Debunking Human language not machine language!
There’s a lot of waffle coming from the author about science fiction in his most recent missive; we shall skip over most of this, dear reader, partly because it’s not relevant for a discussion on computer literacy (either the real definition or the author’s) but mostly because your correspondent spotted several things the author didn’t get entirely right in there and we’d be here all day if those were covered as well!
Of course, it’s possible for most people in all countries to learn other human or spoken languages. In lots of countries most of the population has learnt to speak one or more other languages. In spite of this, there are no countries that I know of where most of the population can program in any kind of Assembly Language, whether it’s for the 6502, 6510, 8510, Z80, 68000, Power PC, ARM, or even the possibly still most widespread Intel X86 family of processors. I think this proves my point that human language, not machine language is the answer!
This is, of course, complete and utter rot as an argument. People learn languages to communicate, so they pick up the local language first in order to talk with family members and friends then, perhaps, learn a second language to deal with the larger world if there is a need for them to do so. Computer languages are normally learnt by people who need to communicate with computers and, if that need isn’t there, they won’t in the same way there are very few people in the UK who are fluent in Korean or Portugese as a second language.
Even when two people share a language there are regional or cultural differences as well, the title of this post only makes sense to somebody who is aware of a certain 1980s Ronnie Corbett sitcom for example.
Even one of his then three companions, Adric, who was wearing a star for mathematical excellence and could calculate approximate square routes for large numbers in a few seconds, said that this was so tedious!
Despite the recounted events taking place in a fictional environment where 1980s computer experts on Earth could identify “megabyte modems” on alien worlds and the Doctor favoured Prime computers, machine code is probably still going to be as slow and laborious to work in as it is in the real world. Machine code is, generally speaking, just a string of numbers such as $a9, $00, $8d, $c8, $02 which mean nothing without a good reference guide and some translating[1] and that’s why we have assembly language!

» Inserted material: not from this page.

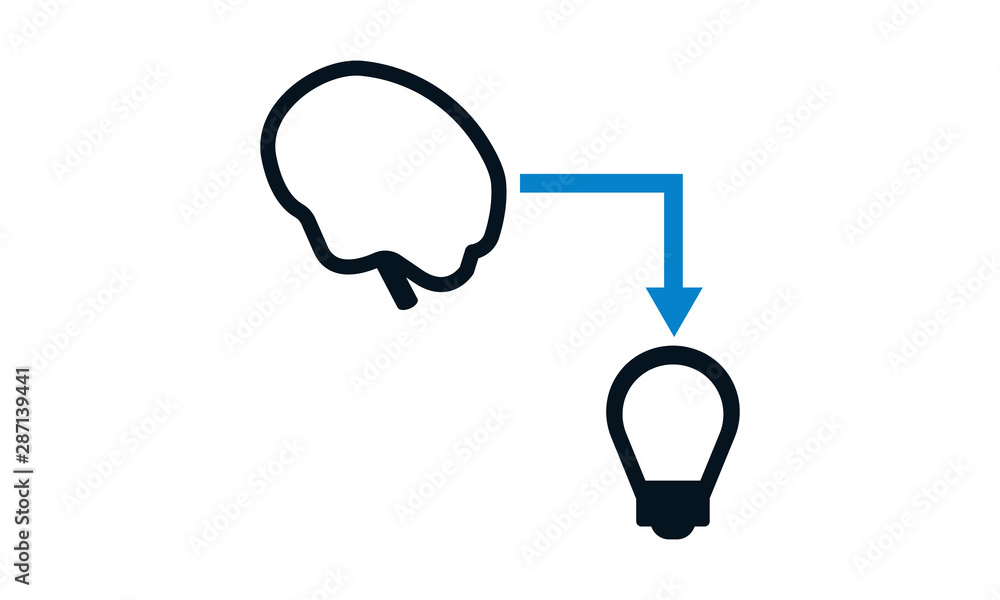 Aufkleber idea making icon for generating solutions and business strategies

It seems that most of these begin with the digits 532. Of course, this makes it very difficult to remember the various numbers using a popular Greco/Roman memory system, because this would involve conjuring up mental images all involving lemons.

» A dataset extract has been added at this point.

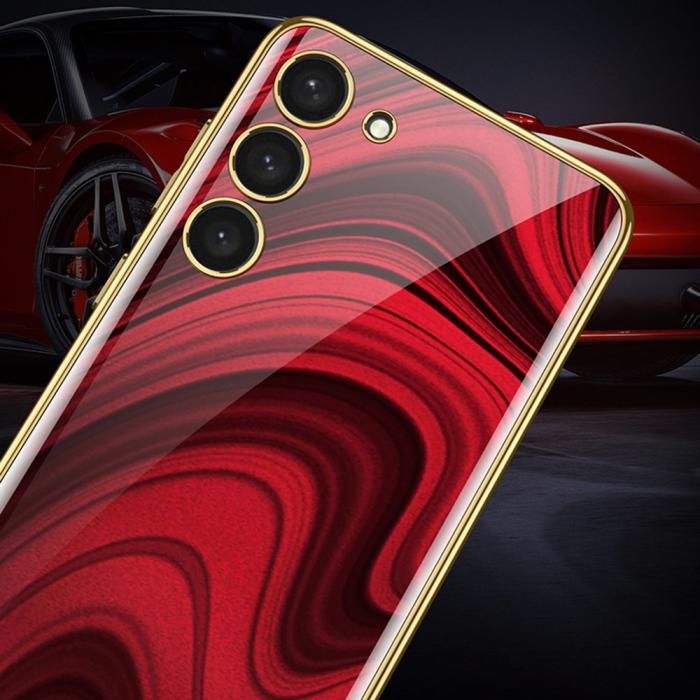 Bild 4, GKK Galaxy S24 Plus Skal Härdat Glas Electroplate Stripes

Or simply assigning the number 53248 to a variable and remembering two digit offsets from there, that would work too… in fact that’s what the C64 user manual recommends.
Years before this, Atari had written a series of official labels standing for the memory locations which were important on their Atari 8 bit computers, such as GRACTL (player missile graphics control, 53277) and PMBASE (player missile graphics data, 54279). Programmers were recommended to use these labels in Atari BASIC as well as in 6502 Assembly Language.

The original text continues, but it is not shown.